Let's talk about Security (2)

My musing on the topic of security today is prompted by the fact that I got a bit riled up last week over this post by a fellow Beijing laowai blogger in which he made light of the recent spate of pre-Olympic bar closures, and even suggested that some of these closures might be justified by "security concerns".

The venues to which he referred were those around the Workers' Stadium.

These venues are within the Stadium complex, but have been separated off from the area immediately around the Stadium itself by a high, robust wire fence, a fence which will no doubt be heavily guarded by soldiers, attack dogs, and closed-circuit TV cameras placed around it every few yards. It is therefore impossible to conceive how the continuing operation of these bars, restaurants, and nightclubs would give anyone the opportunity of improper access to the Stadium itself.

The entertainment venues concerned are far enough away from the Stadium that it is impossible to conceive how they might be used as a base for some kind of terrorist attack on the Stadium - unless someone somehow managed to smuggle in a rocket-launcher of some kind (taller residential and office buildings in the vicinity are much more of a risk for that kind of thing). And since access to these venues is restricted, it would be perfectly possible to subject their customers to the very same security checks that the spectators entering the Stadium itself will undergo.

If the authorities' concern was that a bomb attack might be made on one of these businesses..... well, it tends to be rather easier to infiltrate a place to do something naughty like that when it's derelict.

And if, as blogger Boyce suggests, the authorities' concern is simply that they might look bad if some sort of incident should happen in one of these places...... well, why these places in particular? Is it purely because of their proximity to an Olympic venue (not the main Bird's Nest Stadium - this is a much older venue that's only going to be used for some of the football)? If that is the case, where do you draw the line? Wouldn't a bomb or a shooting in a coffee shop 20 yards over the road from the Workers' Stadium be just as bad? Wouldn't a terrorist incident anywhere in the city while the Games are on - whether inside an Olympic venue, next to a venue, or far from any venue - be just as bad?? If this were the rationale, then everything on the main roads along the four sides of the Workers' Stadium complex ought to be closed as well. And everything along the North 4th Ringroad (where most of the main Olympic venues are).

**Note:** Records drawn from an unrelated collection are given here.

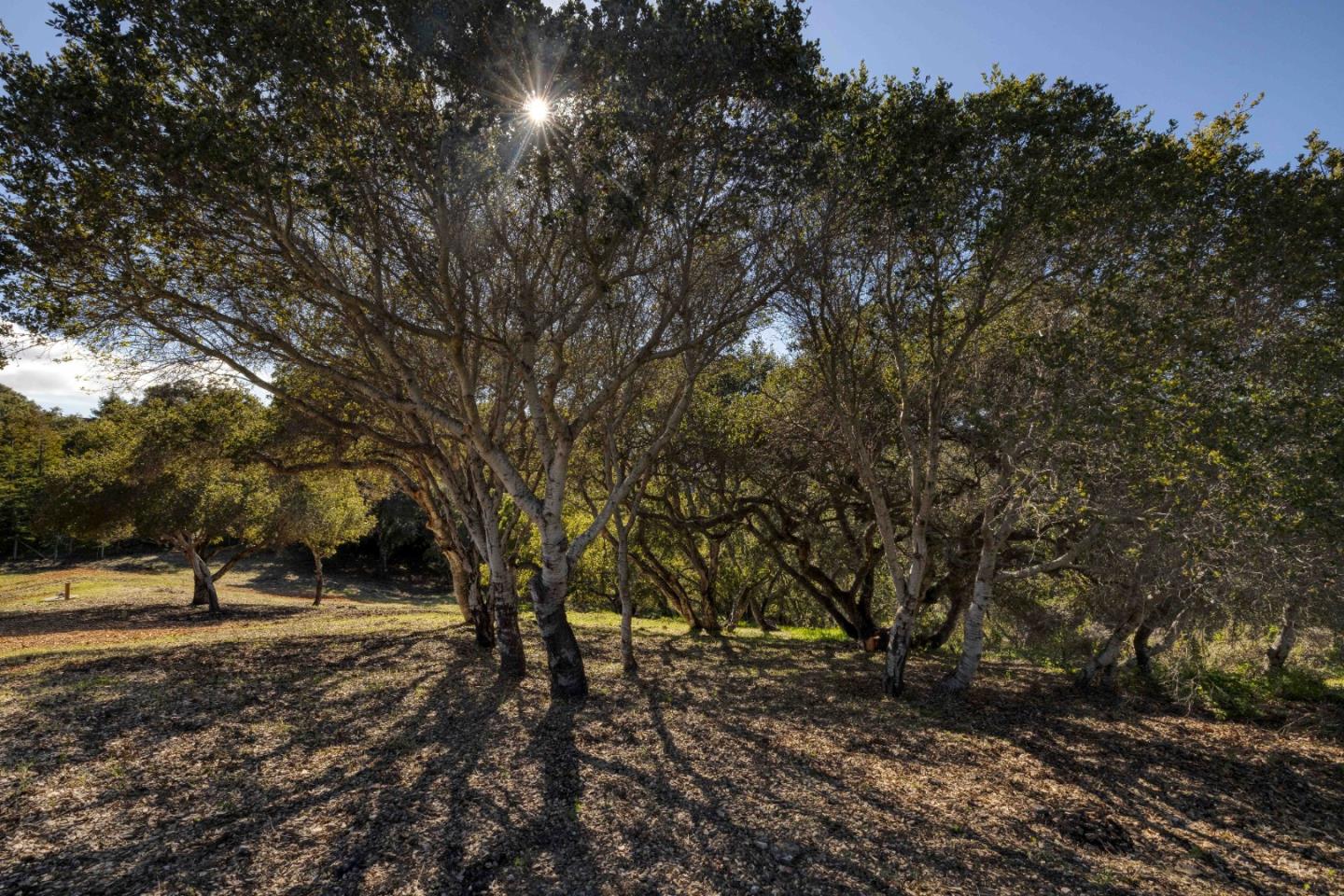 285 El Caminito Road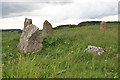 Aquhorthies Recumbent Stone Circle (8)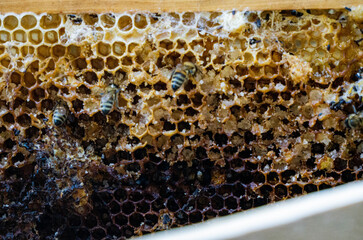 Last year s frames with honeycombs and honey debris.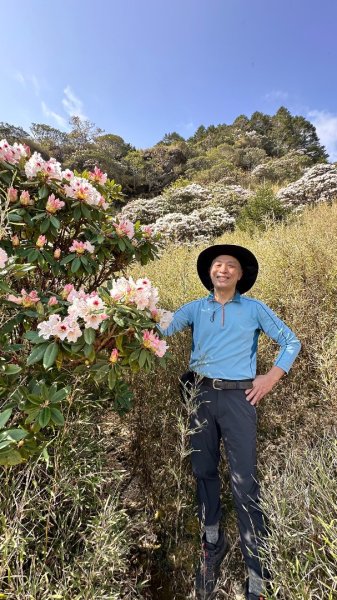 合歡東峰、小奇萊賞玉山杜鵑2542852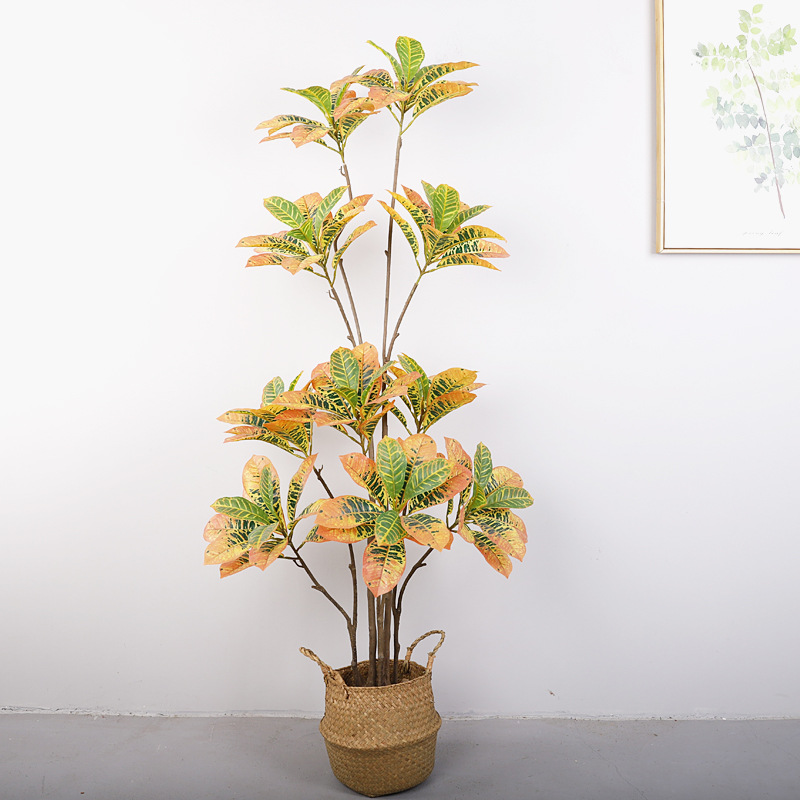 Banyan doré (jaune) de 1,6 mètre de haut, à 10 têtes et 5 troncs.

[In fact, it's not even clear whether all of the Workers' Stadium is being closed down. Only the restaurants and nightclubs at the North Gate seem to have been mentioned in the press. What about the discotheques and the bowling alley on the west side, or the Blue Zoo aquarium at the south end? Are they still open? That would make a complete nonsense of the security argument in favour of the closures!]

Luckily, even this government isn't quite daft enough to believe that the way to achieve security against terrorist threats is to close down every possible target. Not quite daft enough. At least, I hope they aren't.


I think The Telegraph's Beijing correspondent, Richard Spencer (a contemporary of mine at Oxford, though I don't think I ever met him back then), hit the nail on the head the other day when he suggested that the crackdown on the nightlife scene was all about 'image' rather than terrorism - and in particular that excessive revelry by laowai (and a certain class of young Beijinger) might prove shocking to Chinese Olympic visitors from the provinces, naive and simple folk experiencing their nation's capital for the first time.

Yep, that's what it's all about, I think. "Legitimate security concerns", my arse!